I am born in a socialist country and I can tell you that it corrupted people into a mindset where working as less as possible was slowly getting standard. Germany has many many many problems with quite a few of the ex GDR workers and their children as they are and never were fit for a competitive, productive market. All of the property that "was no property because it belonged to everyone" slowly eroded away in the course of the almost 70 years of socialism. You didn't see the once built biggest refinery in Germany, I did, it was a leaking mess, noone cared for anything. Most of the pre-soviet buildings that actually required some work, wonderful architecture, went to shit as noone cared for it and the givernment was rather selling the "ressources and means of production that belonged to everyone" to foreign countries because that way they could make more profit for the government and who gets the money? The people working for the government, not your everyday worker. Everyone who had the chance to get away into the west did, better pay, better life.

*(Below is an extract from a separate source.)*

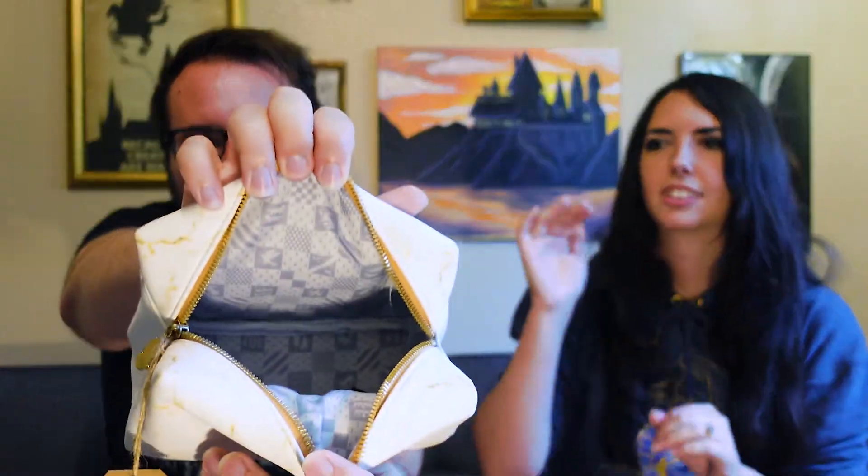On the back it says Hufflepuff, and even the little zipper pull has a little Hufflepuff crest on it. I love that Harry Potter New York has all the makeup and brushes cruelty-free and vegan, and she was really excited to get this. The inside lining is really nice too - it has a little Hufflepuff pattern, or actually all the houses. That's such a nice extra detail.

People do not work for the greater good.
[QUOTE=Strider*;37492307]You have the evidence that they are leaving because of higher taxes.[/QUOTE] "Jobs" are leaving because there is a global surplus of labor. It's been continuous regardless of tax rate since we've been capable of studying it.

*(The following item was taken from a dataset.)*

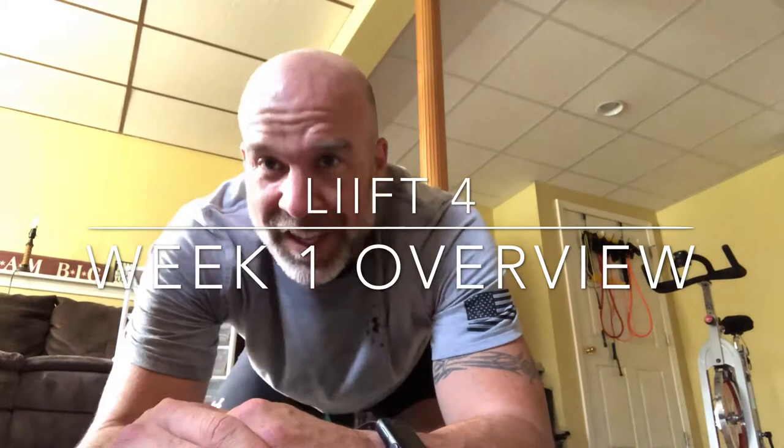Week one of Lift Four complete. My name is Mike Mullally and I'm part of the official coach test group. Today is April 27th, 2018, and I just completed week one of Lift Four. Today's workout was legs.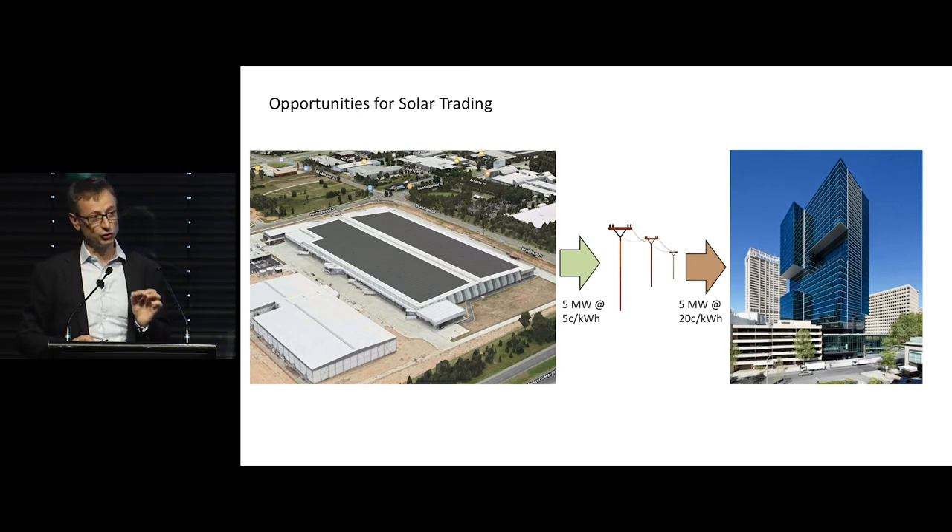The problem is that currently the economics don't work. When you generate electricity from a PV on your home or anywhere else, you're actually selling it to the grid — to utility providers — at about five cents per kilowatt hour. But when buildings buy electricity from the grid, it's costing around about 20 cents per kilowatt hour. So the economics don't work out.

There just needs to be a mix. Neither of the sides is doable in pure form. People are greedy. And pure capitalism justifies taking as much as you can just as communism justifies it. The first say "take because you should, the system evens it out", the second says "take because you want, the system says everything is yours, the one who takes first...takes first". Just imagine this situation: There is only one dose of vaccine left. You need to get it, the other guy in the room needs to get it. Neither communist nor capitalist principles can solve the conflict in fair way. One say "he who has the bigger means may take it" the other says "he who has the bigger needs may take it" Judging needs is impossible. And the means(money for example) are the ones defined by the system itself and thus make it a devils cycle. I would love to see the world to find a middle ground.

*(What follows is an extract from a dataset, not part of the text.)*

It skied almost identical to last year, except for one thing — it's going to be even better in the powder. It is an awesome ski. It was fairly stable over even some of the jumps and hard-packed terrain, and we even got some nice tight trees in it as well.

[QUOTE=Killuah;37501116]I am born in a socialist country and I can tell you that it corrupted people into a mindset where working as less as possible was slowly getting standard. Germany has many many many problems with quite a few of the ex GDR workers and their children as they are and never were fit for a competitive, productive market. All of the property that "was no property because it belonged to everyone" slowly eroded away in the course of the almost 70 years of socialism. You didn't see the once built biggest refinery in Germany, I did, it was a leaking mess, noone cared for anything. Most of the pre-soviet buildings that actually required some work, wonderful architecture, went to shit as noone cared for it and the givernment was rather selling the "ressources and means of production that belonged to everyone" to foreign countries because that way they could make more profit for the government and who gets the money? The people working for the government, not your everyday worker. Everyone who had the chance to get away into the west did, better pay, better life. People do not work for the greater good.[/QUOTE] What happens when people with a communist inspired mindset hammered into their heads gets into a socialist inspired society. Remember kids, theres a [B]BIG[/B] difference between communist and socialist, even though Republicans and other right wingers think and say otherwise.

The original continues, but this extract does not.